Imagine looking at a disorganized series of one-hundred twenty-seven dots and determining how many dots exist. To do so, you’d have to recount them again to be sure. To make this recount easier, and much simpler, a method of marking known as tally marks was used.

In this system, marks are drawn together in clusters, each typically denoting a quantity of five. The diagrams below show four different systems of tally marks as they exist today:

These types of tally marks (and variations) are used most often in Europe, Australia, New Zealand, North America, and South Africa.

For regions where Chinese logograms (漢字/汉字) are used, mainly China and Japan, the character 正 is drawn repeatedly as it consists of five strokes.

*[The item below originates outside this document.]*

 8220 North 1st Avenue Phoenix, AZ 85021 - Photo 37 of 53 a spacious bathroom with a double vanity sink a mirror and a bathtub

In France, Spain, and Brazil it’s common to use squares with a slash such as this.

In the fields of forestry, the tally marks are often clustered in quantities of ten by including dots in the square as well as lines.

The key observation to take away from these tally marks is that of the clustering. With tally mark clusters we can suddenly start counting by fives or tens when counting the marks as opposed to one at a time. This idea of clustering together a quantity is useful, and, as we’ll see, is expanded upon.

In ancient times, the remains of which were later found in the Zagros region of Iran, people called Sumerians developed methods of primitive accounting. Society required records of transactions of flock and grain and so recording methods were devised utilizing clay tokens and string. The method by which a given quantity was encoded onto strung-together clay is known as a *sign-value system*.

To create a record that represented three bales of hay, as a probably historically inaccurate example, they would bake three clay tokens with a symbol on them to represent hay and then string them together. These were later baked into a bulla (or hollow ball) to preserve their integrity from outside manipulations. In this example, one token represented one bale of hay.

However, this had its limitations. As the number of things increased, the more difficult it was to count with singular tokens, much like the unary system. To overcome this, different tokens were baked and assigned a larger sum. Using this method to scale up you’d end up with a token for one bale of hay, a token for five bales of hay, a token for ten bales, and so on.

Each different token was strung along into a sequence. To know what amount a given string of tokens represented, one would add up the numbers assigned to each. One ten bale token, one five bale token, and two one bale tokens would be equivalent to seventeen bales of hay. This process and encoding, where a given number is arrived at through the summation of each element, is known as *sign-value notation*.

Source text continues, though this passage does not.